Jorja Smith is only 23 and yet her music has a beautiful maturity, she is a supremely talented singer songwriter with a fantastic voice. I love her ‘Be Right Back’ EP which came out in May. Her first big UK hit was “Blue Lights” and she opened her set with a powerhouse version of it. The Smile were the special guests and if you have not heard about them yet you really do need to crawl out from under your rock and scrub the moss off. Smile is Jonny Greenwood and Thom Yorke of Radiohead aided and abetted by Nigel Godrich and Sons of Kemet drummer Tom Skinner.

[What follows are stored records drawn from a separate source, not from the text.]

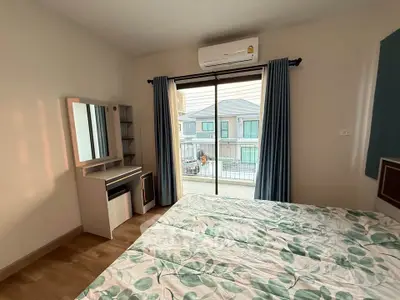 Cozy bedroom with balcony view and modern decor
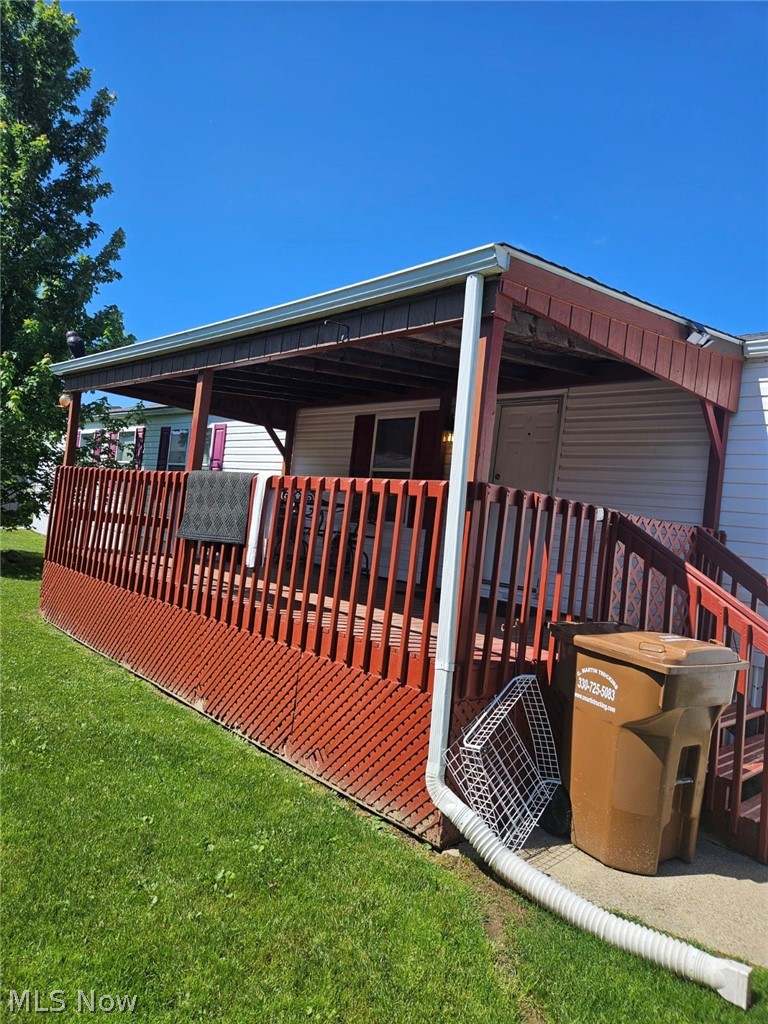 5974 Cleveland Road, Unit 11 Wooster, OH 44691 - Photo 3 of 13 Back of house featuring a lawn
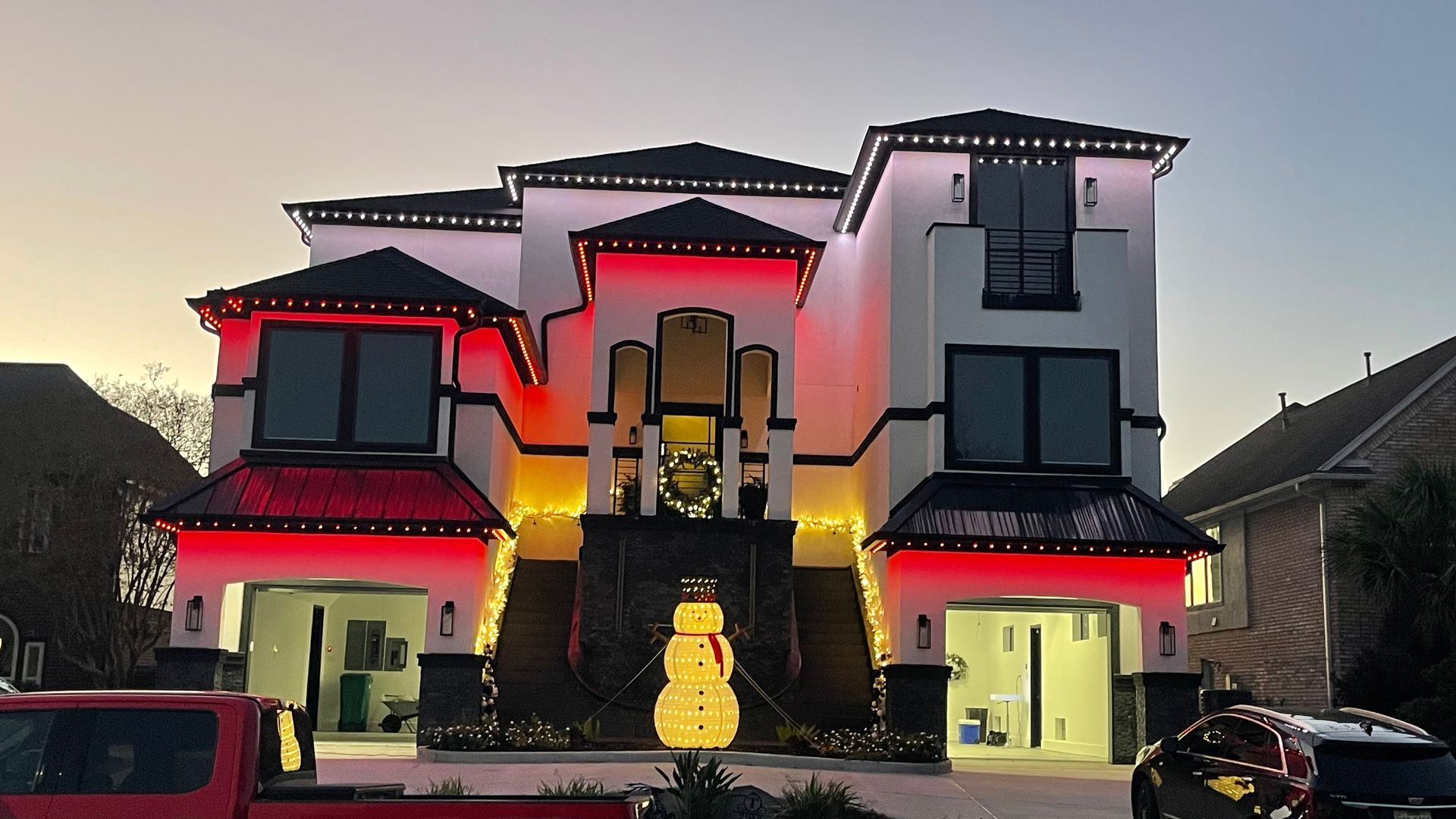 House decorated with red and white Christmas lights, snowman decoration in front.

Skinner’s jazz background perhaps carried the most influence on the music, which showcased that Radiohead can do pop, especially synth pop with a huge dollop of prog. I really hope the Smile record and release an album, it will be worth it for “We Don’t Know What Tomorrow Brings” a synth pop banger that the likes of Depeche Mode would salivate over. But the most outstanding tune for me was “You Will Never Work In Television Again” which is full to the brim of great melodies and hooks. They even managed to fit in an unreleased Radiohead tune, “Skating on the Surface”. The Smile pretty much capped the evening for me, plus I had consumed a hell of a lot of wine by then. So I don’t recall too much about Kano’s set (humble apologies to Kane Brett Robinson a.k.a. Kano). I do remember marvelling at how fast this guy can rap, he spits his words at almost superhuman speed! The whole event was closed by a, so I am told, marvellous DJ set from DJ Honey Dijon featuring Róisín Murphy. Sadly the wine had really done for me by then! I should also give a shout out to all the artists and poets who provided spoken word interludes PJ Harvey, Jarvis Cocker, Kae Tempest, Kurupt FM, Little Amal and Mr Glastonbury himself, Michael Eavis.